DURHAM, N.C. -- Flaxseed, an edible seed that is rich in omega 3-fatty acids and fiber-related compounds known as lignans, is effective in halting prostate tumor growth, according to a study led by Duke University Medical Center researchers. The seed, which is similar to a sesame seed, may be able to interrupt the chain of events that leads cells to divide irregularly and become cancerous.
"Our previous studies in animals and in humans had shown a correlation between flaxseed supplementation and slowed tumor growth, but the participants in those studies had taken flaxseed in conjunction with a low-fat diet," said Wendy Demark-Wahnefried, Ph.D., a researcher in Duke's School of Nursing and lead investigator on the study. "For this study, we demonstrated that it is flaxseed that primarily offers the protective benefit."

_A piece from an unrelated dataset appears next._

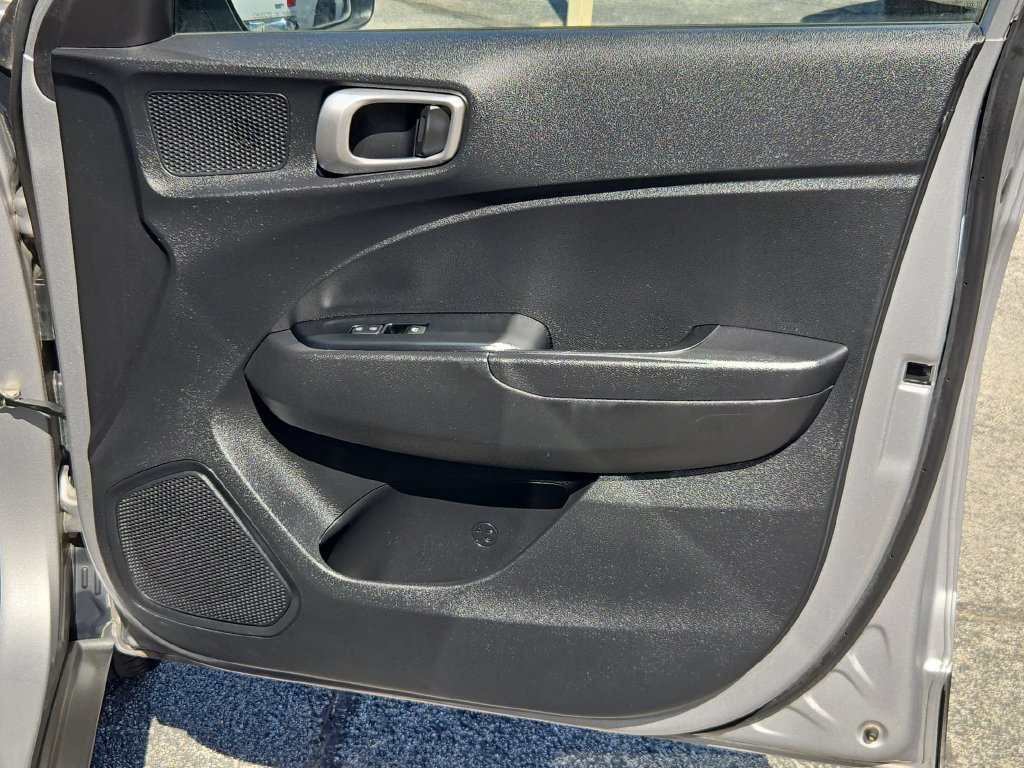 Used 2025 Hyundai Venue SEL FWD image 34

The researchers will present their results on Saturday, June 2, during a news briefing at the annual meeting of the American Society of Clinical Oncology, in Chicago. The multisite study, which was funded by the National Institutes of Health, also involved researchers at the University of Michigan and the University of North Carolina at Chapel Hill.
In the study, the researchers examined the effects of flaxseed supplementation on men who were scheduled to undergo prostatectomy -- surgery for the treatment of prostate cancer. The men took 30 grams of flaxseed daily for an average of 30 days prior to surgery. Once the men's tumors were removed, the researchers looked at tumor cells under a microscope, and were able to determine how quickly the cancer cells had multiplied.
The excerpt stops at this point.